Belanghebbende heeft een conclusie van repliek ingediend.
3. Beoordeling van het middel
3.1.1. Het Hof heeft de zaak behandeld ter zitting van 21 september 2011 en het onderzoek toen gesloten. Het heeft vervolgens op 3 februari 2012 uitspraak gedaan.
3.1.2. Na de sluiting van het onderzoek op 21 september 2011, maar vóór de uitspraak op 3 februari 2012, heeft belanghebbende bij brief van 5 januari 2012 het Hof verzocht om het onderzoek te heropenen teneinde met overeenkomstige toepassing van artikel 8:73 Awb een verzoek te kunnen doen tot vergoeding van immateriële schade. Het Hof heeft dit geweigerd. Daartegen richt zich middel 1.

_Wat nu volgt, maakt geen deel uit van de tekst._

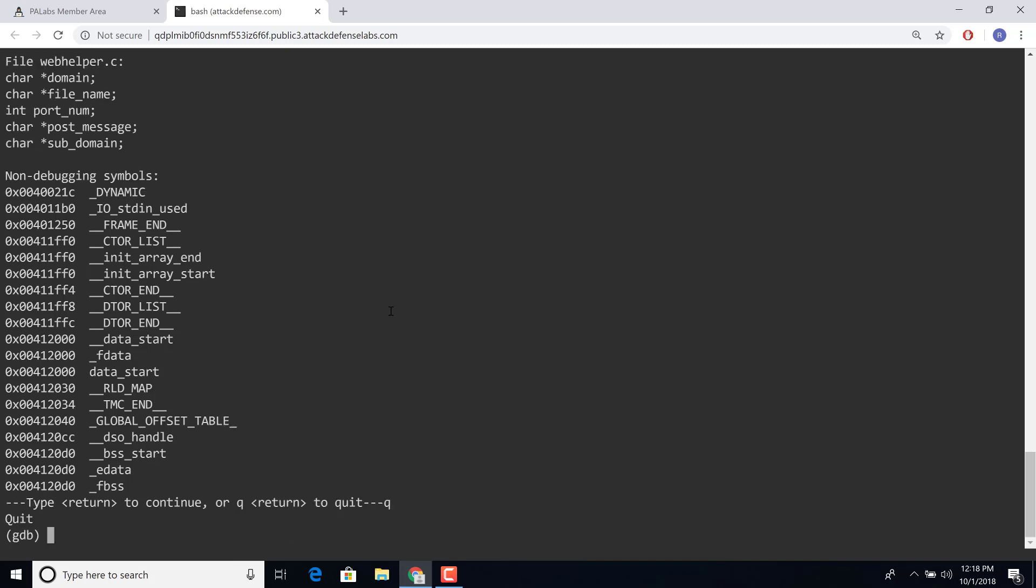And then to figure out what is actually being sent, et cetera, you'll have to look at disassembly.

3.1.3. Indien vóór de sluiting van het onderzoek door het Hof reeds sprake is van overschrijding van de redelijke termijn, dient een verzoek om daarmee bij het doen van uitspraak rekening te houden als regel uiterlijk op de zitting te worden gedaan. Hetzelfde heeft te gelden indien de redelijke termijn nog niet is overschreden op het moment van de zitting maar wel zal zijn overschreden op het moment waarop de termijn van zes weken voor het doen van uitspraak, bedoeld in artikel 8:66, lid 1, Awb, verstrijkt.
3.1.4. Het onderhavige geval kenmerkt zich daardoor dat de wettelijke termijn voor het doen van uitspraak door het Hof niet in acht is genomen. Belanghebbendes betoog brengt mee dat (mede) daardoor de redelijke termijn verder is overschreden dan ten tijde van de zitting kon worden voorzien. In een zodanig geval lijdt de hiervoor onder 3.1.3 vermelde regel uitzondering, en kan de belanghebbende tot het tijdstip waarop het Hof uitspraak doet heropening van het onderzoek verlangen teneinde alsnog een beroep te doen op overschrijding van de redelijke termijn en een verzoek te doen tot vergoeding van daaruit voortvloeiende immateriële schade. Het verzoek hoeft dan niet beperkt te blijven tot immateriële schade die het gevolg is van het tijdsverloop na de zitting. Middel 1 slaagt derhalve.
3.2. Gelet op het hiervoor in 3.1 overwogene kan 's Hofs uitspraak niet in stand blijven. Verwijzing moet volgen.
4. Proceskosten
De Staatssecretaris zal worden veroordeeld in de kosten van het geding in cassatie. Hierbij wordt in aanmerking genomen dat de zaken met de nummers 12/01564, 12/01566, 12/01567, 12/01587, 12/01591, 12/01592, 12/01594, 12/01595, 12/01596, 12/01600, 12/01601, 12/01603, 12/01604, 12/01605, 12/01609 met elkaar samenhangen in de zin van het Besluit proceskosten bestuursrecht.
5. Beslissing
De Hoge Raad:
verklaart het beroep in cassatie gegrond,
vernietigt de uitspraak van het Hof uitsluitend wat betreft het verzoek tot vergoeding van immateriële schade,
verwijst het geding naar het Gerechtshof Amsterdam ter verdere behandeling en beslissing van de zaak met inachtneming van dit arrest,
gelast dat de Staat aan belanghebbende vergoedt het door deze ter zake van de behandeling van het beroep in cassatie betaalde griffierecht ten bedrage van € 115, en
veroordeelt de Staatssecretaris van Financiën in de kosten van het geding in cassatie aan de zijde van belanghebbende, vastgesteld op een vijftiende van € 4248, derhalve € 283,20, voor beroepsmatig verleende rechtsbijstand.
Dit arrest is gewezen door de vice-president J.W. van den Berge als voorzitter, en de raadsheren C. Schaap en R.J. Koopman, in tegenwoordigheid van de waarnemend griffier F. Treuren, en in het openbaar uitgesproken op 12 april 2013.